**Data under study**
————————

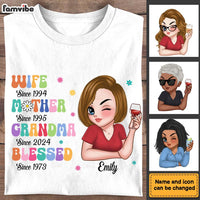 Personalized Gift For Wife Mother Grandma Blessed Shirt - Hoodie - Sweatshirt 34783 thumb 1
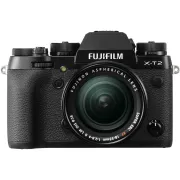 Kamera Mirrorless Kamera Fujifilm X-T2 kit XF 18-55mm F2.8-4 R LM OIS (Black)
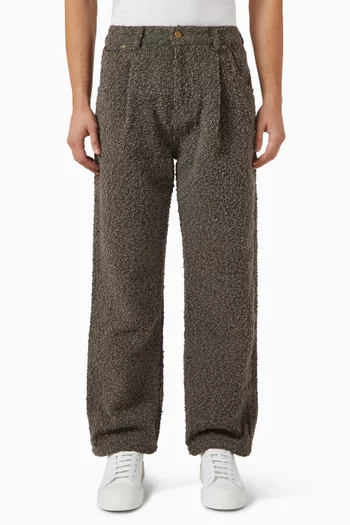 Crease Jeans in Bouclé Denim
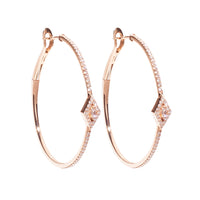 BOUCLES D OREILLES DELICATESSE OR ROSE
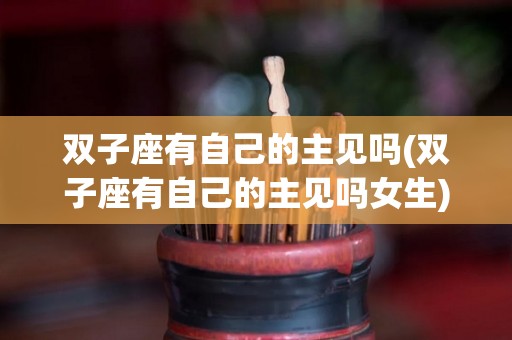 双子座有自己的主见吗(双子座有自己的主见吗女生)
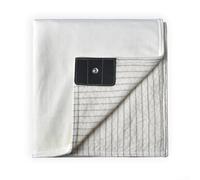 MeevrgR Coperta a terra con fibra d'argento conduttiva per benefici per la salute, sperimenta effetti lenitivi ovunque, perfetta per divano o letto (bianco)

————————

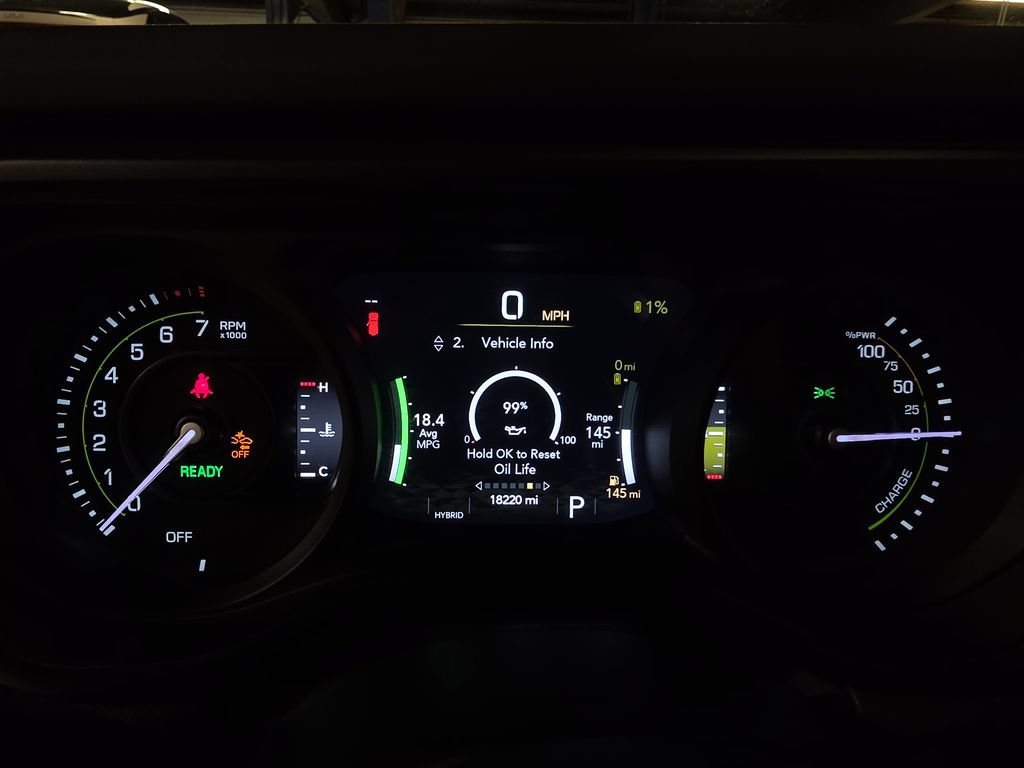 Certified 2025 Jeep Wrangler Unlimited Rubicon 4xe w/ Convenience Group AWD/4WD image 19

————————

**The problem**
Which part of the entries opens with the line containing "Crease Jeans in Bouclé Denim" and closes with the line containing "MeevrgR Coperta a"? Output that part exactly, ends included, pictures excluded.

**Solution for this problem**
 Crease Jeans in Bouclé Denim
 BOUCLES D OREILLES DELICATESSE OR ROSE
 双子座有自己的主见吗(双子座有自己的主见吗女生)
 MeevrgR Coperta a terra con fibra d'argento conduttiva per benefici per la salute, sperimenta effetti lenitivi ovunque, perfetta per divano o letto (bianco)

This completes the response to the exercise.